We saw bud break around April 20th in our Lytton Springs estate vineyard. Budbreak occurs in the vineyard each spring as the vines wake up from their winter dormancy. As the days grow warmer, they draw on the energy they have stored through the winter to push out the first green leaves of the new growth cycle. In warm years budbreak can occur as early as February, and April 20th is the latest I have ever experienced.

Veraison happened in the beginning of August, which is also quite late. Veraison is the turning point when the vine changes focus from energy creation through photosynthesis to energy consumption where it pushes sugar to the grapes. Once we see veraison, we know that harvest is 30-60 days away.

Careful Planning

In a normal year, we see the sugars climb by 1-2 brix/week until they have reached the perfect combination of brix (sugar), pH, TA, but more importantly, they taste great, and are ready to make fine wine.

This year, there was a brix plateau in September. We sampled grapes seven days a week and the sugar levels  were not moving. Everything was at 19 brix for weeks, and the cool weather supported this odd trend with consistent temperatures of 72-75 degrees.

Even more puzzling was that physiological maturity was outrunning brix. I would go into the vineyards and taste the fruit daily. By the end of September, we had grapes at 19-20 Brix that tasted as phenolically ripe as they do at 25 brix in most vintages. The grapes had soft skins, pulp that pulled easily from the seeds, brown crunchy seeds, excellent flavors, but only 19 brix.

After more than three weeks of the numbers staying the same, we produced a hypothesis. Given the volume of rain we received over the winter, the vines dug deep to push sugar to send the berries, but the vine found water instead. Thus, the vine pushed water to the berries instead of sugar, plateauing the sugar content of the fruit.

During a “normal” harvest, the first signs of dimpling on grapes mean they are getting dehydrated, and the grapes are approaching too ripe. This year, we desperately needed that dehydration to occur. All we needed was some warm weather. Finally, we saw several 90+ degree days in the 10-day forecast and we knew that it was time to start picking everything. Even though sugar accumulation took months, we hypothesized that dehydration would occur over the course of four-five days.

Given our hypothesis, we came up with a strategy which was to pick some parcels on the earlier side, knowing that some other blocks would come in on the riper side.

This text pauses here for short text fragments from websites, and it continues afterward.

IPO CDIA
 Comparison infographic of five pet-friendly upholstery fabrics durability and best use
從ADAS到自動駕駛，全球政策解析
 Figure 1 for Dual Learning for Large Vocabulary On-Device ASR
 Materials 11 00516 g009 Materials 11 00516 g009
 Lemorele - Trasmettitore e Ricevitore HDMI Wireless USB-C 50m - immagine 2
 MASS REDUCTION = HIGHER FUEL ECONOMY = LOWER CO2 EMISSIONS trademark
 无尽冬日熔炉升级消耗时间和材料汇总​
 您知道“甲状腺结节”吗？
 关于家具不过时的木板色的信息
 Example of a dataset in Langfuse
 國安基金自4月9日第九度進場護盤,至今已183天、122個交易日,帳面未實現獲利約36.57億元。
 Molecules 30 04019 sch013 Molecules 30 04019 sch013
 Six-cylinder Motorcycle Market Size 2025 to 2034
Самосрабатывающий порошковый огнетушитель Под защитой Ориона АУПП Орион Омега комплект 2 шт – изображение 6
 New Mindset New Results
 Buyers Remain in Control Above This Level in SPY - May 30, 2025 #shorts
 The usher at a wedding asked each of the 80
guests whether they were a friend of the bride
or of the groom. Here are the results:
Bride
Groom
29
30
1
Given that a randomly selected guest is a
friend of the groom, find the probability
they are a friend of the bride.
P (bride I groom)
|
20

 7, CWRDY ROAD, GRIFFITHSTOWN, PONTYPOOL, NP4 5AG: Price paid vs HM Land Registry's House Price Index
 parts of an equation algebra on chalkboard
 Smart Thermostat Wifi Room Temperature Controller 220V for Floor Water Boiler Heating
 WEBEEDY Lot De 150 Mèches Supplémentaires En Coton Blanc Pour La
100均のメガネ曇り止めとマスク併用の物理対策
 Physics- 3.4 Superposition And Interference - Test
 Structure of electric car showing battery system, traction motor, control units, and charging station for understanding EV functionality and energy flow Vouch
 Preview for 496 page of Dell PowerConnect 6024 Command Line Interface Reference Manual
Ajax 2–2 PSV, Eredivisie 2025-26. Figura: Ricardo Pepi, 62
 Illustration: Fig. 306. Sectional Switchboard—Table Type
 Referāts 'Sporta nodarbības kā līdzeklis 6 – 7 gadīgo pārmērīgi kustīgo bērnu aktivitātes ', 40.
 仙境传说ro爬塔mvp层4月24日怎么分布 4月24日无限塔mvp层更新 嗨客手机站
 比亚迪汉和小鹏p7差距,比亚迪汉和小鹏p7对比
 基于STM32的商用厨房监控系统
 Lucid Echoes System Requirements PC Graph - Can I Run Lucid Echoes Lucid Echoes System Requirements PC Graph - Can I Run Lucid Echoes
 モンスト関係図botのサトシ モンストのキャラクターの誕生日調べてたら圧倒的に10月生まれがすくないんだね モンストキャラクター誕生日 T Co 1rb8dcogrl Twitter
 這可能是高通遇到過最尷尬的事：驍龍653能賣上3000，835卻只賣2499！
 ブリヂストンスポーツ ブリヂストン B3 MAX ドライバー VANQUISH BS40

We began picking cinsaut for rosé on September 11th and, we picked our first zinfandel on September 14th. We picked about 300 tons over the course of a month, and then we saw our dehydration window about to occur, and we harvested more than 600 tons in one week. It was a remarkably busy week, but the strategy was successful.

As a result, the 2023 vintage will be characterized by wines that are deeply flavorful, dense and concentrated with moderate alcohol. The tannin, structure and acidity of these wines is truly impressive. The 2023 vintage will be as age-worthy as they come. We will be talking about this vintage for the rest of our lives.